(Short text fragments from websites)
•••••

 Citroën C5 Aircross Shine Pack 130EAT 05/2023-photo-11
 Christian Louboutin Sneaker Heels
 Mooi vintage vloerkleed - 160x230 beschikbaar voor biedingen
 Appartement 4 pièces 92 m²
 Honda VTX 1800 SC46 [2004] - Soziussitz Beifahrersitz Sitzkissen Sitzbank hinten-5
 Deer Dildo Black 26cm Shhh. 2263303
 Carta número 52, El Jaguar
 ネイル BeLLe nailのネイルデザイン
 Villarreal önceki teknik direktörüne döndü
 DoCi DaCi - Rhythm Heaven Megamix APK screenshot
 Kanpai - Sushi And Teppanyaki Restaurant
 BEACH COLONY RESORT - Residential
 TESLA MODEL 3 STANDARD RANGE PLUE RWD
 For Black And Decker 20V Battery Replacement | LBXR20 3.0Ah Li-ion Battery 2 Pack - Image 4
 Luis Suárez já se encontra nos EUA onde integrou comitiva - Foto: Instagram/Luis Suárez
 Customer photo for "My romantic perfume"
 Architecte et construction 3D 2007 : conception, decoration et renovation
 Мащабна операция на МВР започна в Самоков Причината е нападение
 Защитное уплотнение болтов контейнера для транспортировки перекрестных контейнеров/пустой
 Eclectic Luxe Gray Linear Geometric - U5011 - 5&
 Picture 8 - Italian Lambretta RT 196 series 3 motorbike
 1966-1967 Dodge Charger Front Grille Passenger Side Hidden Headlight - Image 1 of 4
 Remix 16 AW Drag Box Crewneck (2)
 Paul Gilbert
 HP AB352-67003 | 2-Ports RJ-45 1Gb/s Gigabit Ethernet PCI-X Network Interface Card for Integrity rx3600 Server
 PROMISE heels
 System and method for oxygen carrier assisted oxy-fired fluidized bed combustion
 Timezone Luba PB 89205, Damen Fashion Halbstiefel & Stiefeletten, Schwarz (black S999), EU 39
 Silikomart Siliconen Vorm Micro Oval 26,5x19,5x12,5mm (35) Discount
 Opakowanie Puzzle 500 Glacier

•••••

> Exercise brief: Give every entry again, character for character.

> Written solution:
 Citroën C5 Aircross Shine Pack 130EAT 05/2023-photo-11
 Christian Louboutin Sneaker Heels
 Mooi vintage vloerkleed - 160x230 beschikbaar voor biedingen
 Appartement 4 pièces 92 m²
 Honda VTX 1800 SC46 [2004] - Soziussitz Beifahrersitz Sitzkissen Sitzbank hinten-5
 Deer Dildo Black 26cm Shhh. 2263303
 Carta número 52, El Jaguar
 ネイル BeLLe nailのネイルデザイン
 Villarreal önceki teknik direktörüne döndü
 DoCi DaCi - Rhythm Heaven Megamix APK screenshot
 Kanpai - Sushi And Teppanyaki Restaurant
 BEACH COLONY RESORT - Residential
 TESLA MODEL 3 STANDARD RANGE PLUE RWD
 For Black And Decker 20V Battery Replacement | LBXR20 3.0Ah Li-ion Battery 2 Pack - Image 4
 Luis Suárez já se encontra nos EUA onde integrou comitiva - Foto: Instagram/Luis Suárez
 Customer photo for "My romantic perfume"
 Architecte et construction 3D 2007 : conception, decoration et renovation
 Мащабна операция на МВР започна в Самоков Причината е нападение
 Защитное уплотнение болтов контейнера для транспортировки перекрестных контейнеров/пустой
 Eclectic Luxe Gray Linear Geometric - U5011 - 5&
 Picture 8 - Italian Lambretta RT 196 series 3 motorbike
 1966-1967 Dodge Charger Front Grille Passenger Side Hidden Headlight - Image 1 of 4
 Remix 16 AW Drag Box Crewneck (2)
 Paul Gilbert
 HP AB352-67003 | 2-Ports RJ-45 1Gb/s Gigabit Ethernet PCI-X Network Interface Card for Integrity rx3600 Server
 PROMISE heels
 System and method for oxygen carrier assisted oxy-fired fluidized bed combustion
 Timezone Luba PB 89205, Damen Fashion Halbstiefel & Stiefeletten, Schwarz (black S999), EU 39
 Silikomart Siliconen Vorm Micro Oval 26,5x19,5x12,5mm (35) Discount
 Opakowanie Puzzle 500 Glacier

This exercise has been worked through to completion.